そのとき、篤子ちゃんの唇が微かに開いた。起こしたかな、とみーくんは指を止めると、彼女の口からはささやくように、
「まっく…」
と聞こえた。起きた訳ではない。またすぐすうすうと小さな寝息が続く。
(マッキントッシュ?)
みーくんはまずそう思ったが、篤子ちゃんに似つかわしくない語彙を捨て、
(ハンバーガーが食べたいのかな)
と思い直す。
本当は、もうちょっとこうして彼女を眺めていたいけれど、みーくんはベッドから静かに抜け出た。篤子ちゃんに、ハンバーガーを買ってきてあげようと思ったのだ。
みーくんが部屋に戻ると、篤子ちゃんはまだ眠っていた。夜更かしをさせてしまったので、まだ眠いのだろうか。
もう時間がないため、みーくんはダイニングのテーブルにハンバーガーの袋を置き、そばにメモを残した。
昼頃電話をすること、鍵を持っていてほしいこと。それらを書いて、とっても名残惜しいが、仕事に出かけた。
通勤の街の気色が違って見えるのは、春めいてきからだけではない。彼の気持ちがはっきりと明るいからだ。いつもなら、急くときは遅い前方の車に少々の苛立ちがあるのに、今朝はそれもない。
うっとりと夕べの篤子ちゃんを思い出し、今朝のあの可愛く眠る彼女を頭に描く。
彼女と別れて以来、味気なくつまらなく感じていた日常が、世界が変わったようにわっと鮮やで、香るようになったのを彼も感じている。
大切にして、彼女を尊重し、できるかちょっと自信がないが、あんまり束縛もないように、と思っている。とにかく大事につき合っていこうと、みーくんは真剣に考えているのだ。
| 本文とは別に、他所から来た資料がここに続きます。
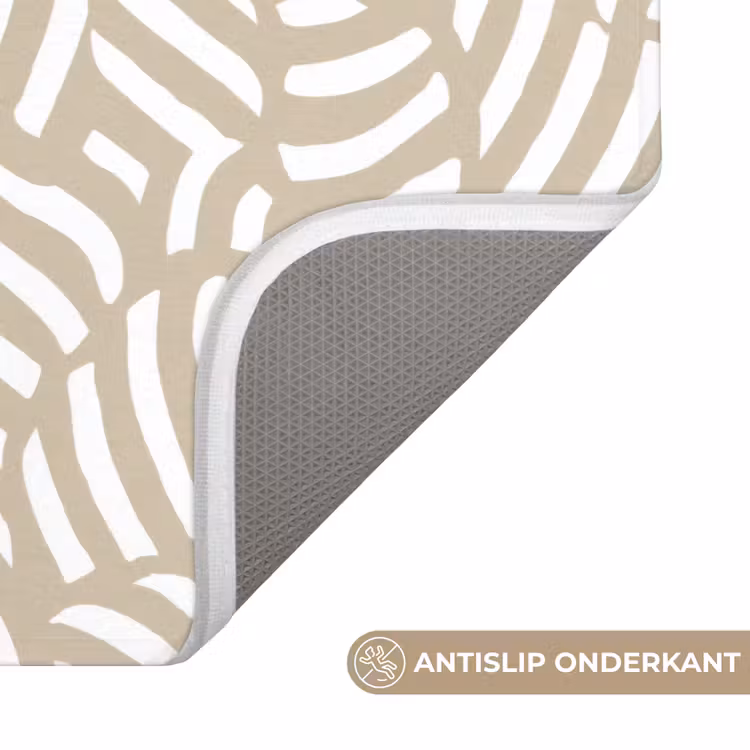 WC Mat - Abstract - Modern - Beige — 3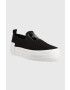 Calvin Klein Jeans Teniske BOLD VULC FLATF SLIP ženske vijolična barva YW0YW01040 - Pepit.si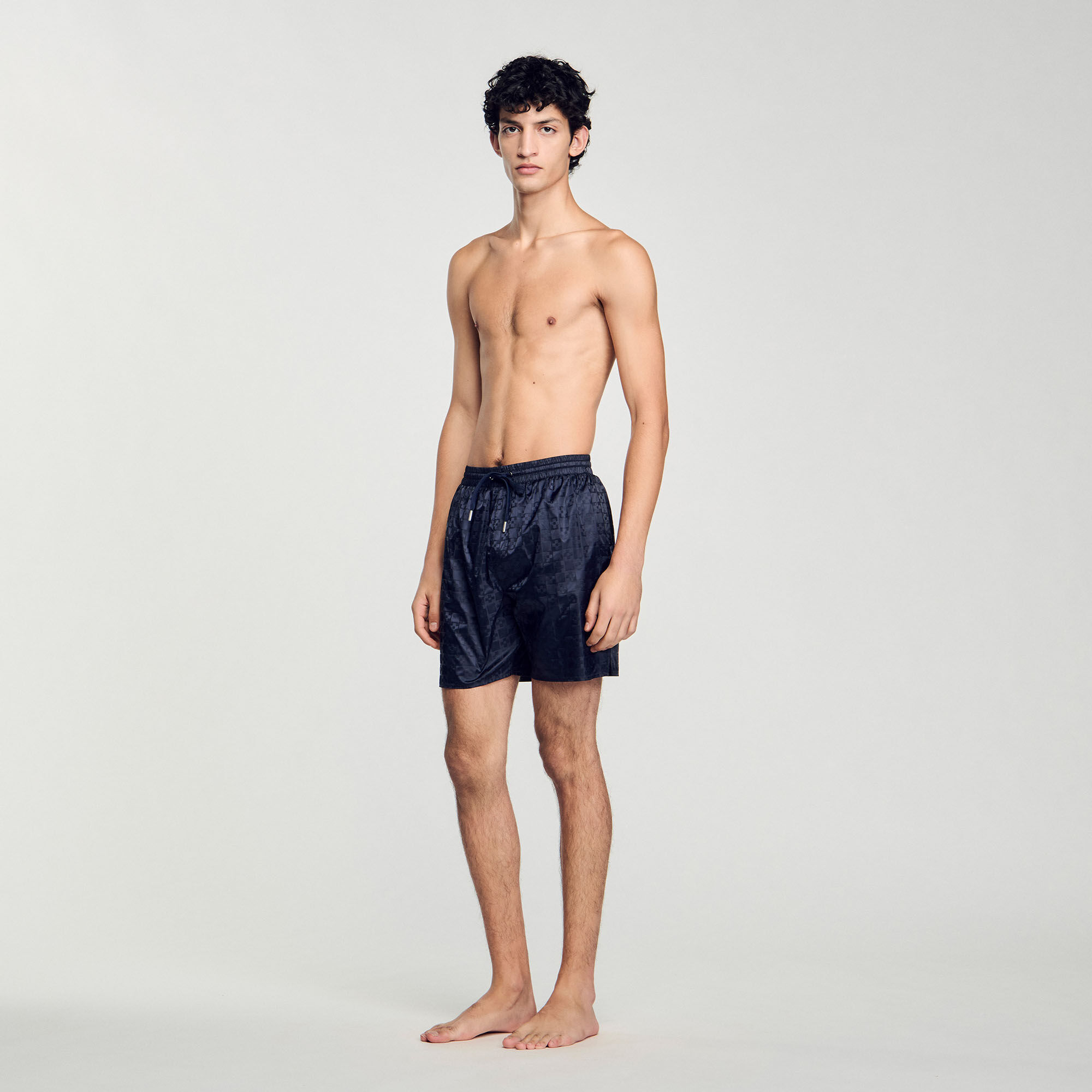 Squarecross swim shorts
そしてその先に、できれば三年後、贅沢を言えば二年後ぐらいに、彼女との結婚へ辿り着ければいい、と。
(やっぱり、篤子ちゃん以外は考えられない)
絶対あり得ないが、みーくんに今、アンジェリーナ・ジョリーが恋してくれたって、彼には「お断り」できるだろう。
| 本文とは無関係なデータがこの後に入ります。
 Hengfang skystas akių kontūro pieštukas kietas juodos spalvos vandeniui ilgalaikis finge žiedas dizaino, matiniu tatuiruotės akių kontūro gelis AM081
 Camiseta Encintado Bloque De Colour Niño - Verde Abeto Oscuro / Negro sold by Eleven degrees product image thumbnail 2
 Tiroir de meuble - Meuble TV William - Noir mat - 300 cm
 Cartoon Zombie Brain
彼女も、これまでの行動を、素直に反省してくれているようだった。彼が可哀そうになるくらい、泣いて「ごめんなさい」と謝ってくれたのだ。
あれは今思っても、胸が痛い。ひどい思いをさせてしまったと、悔やまれる。
みーくんは、何となく上着に突っ込んできた、一旦は外した篤子ちゃんのくれたマスコットをポケットから出した。捨てられず、部屋のその辺に置き去りにしていたものだ。
信号待ちの狭間、それをまたミラーに取り付ける。ぶらりと揺れる太ったクマに、ちょっと笑みがもれた。再びこれが戻ったことを、友人らに見つかれば、またからかわれるだろうなどという些事は、浮かばなかった。
(篤子ちゃん、まだ寝てるのかな)
代わりに、とびきり甘い物思いが浮かんでしまうのだ。自分の部屋に、大事な秘密の宝物を隠しているような、そして置き去りにしてしまったそれが、ちょっと気になってしょうがない……。
そのまるで少年ぽいたとえに、自分でもおかしくなる。
けれど、そんな自分を今、確かに幸せだと、彼は珍しく感じていた。